§ What to do:
In the listing below, a line holding "Call auf Air" and a line holding "Social Media Marketing" mark the range. Retype both exactly, with all lines between them.

**** Records for this exercise ****

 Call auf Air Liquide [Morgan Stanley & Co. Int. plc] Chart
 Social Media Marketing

****
**** Records for this exercise ****

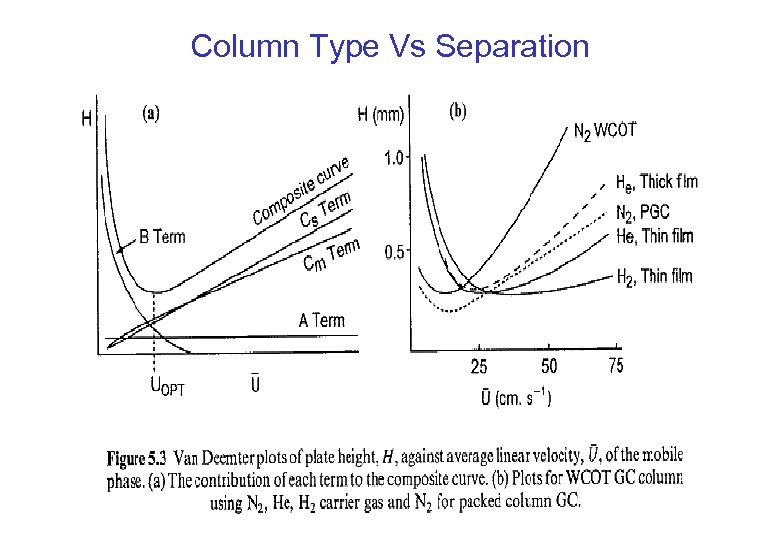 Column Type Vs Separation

****

§ Result for this exercise:
 Call auf Air Liquide [Morgan Stanley & Co. Int. plc] Chart
 Social Media Marketing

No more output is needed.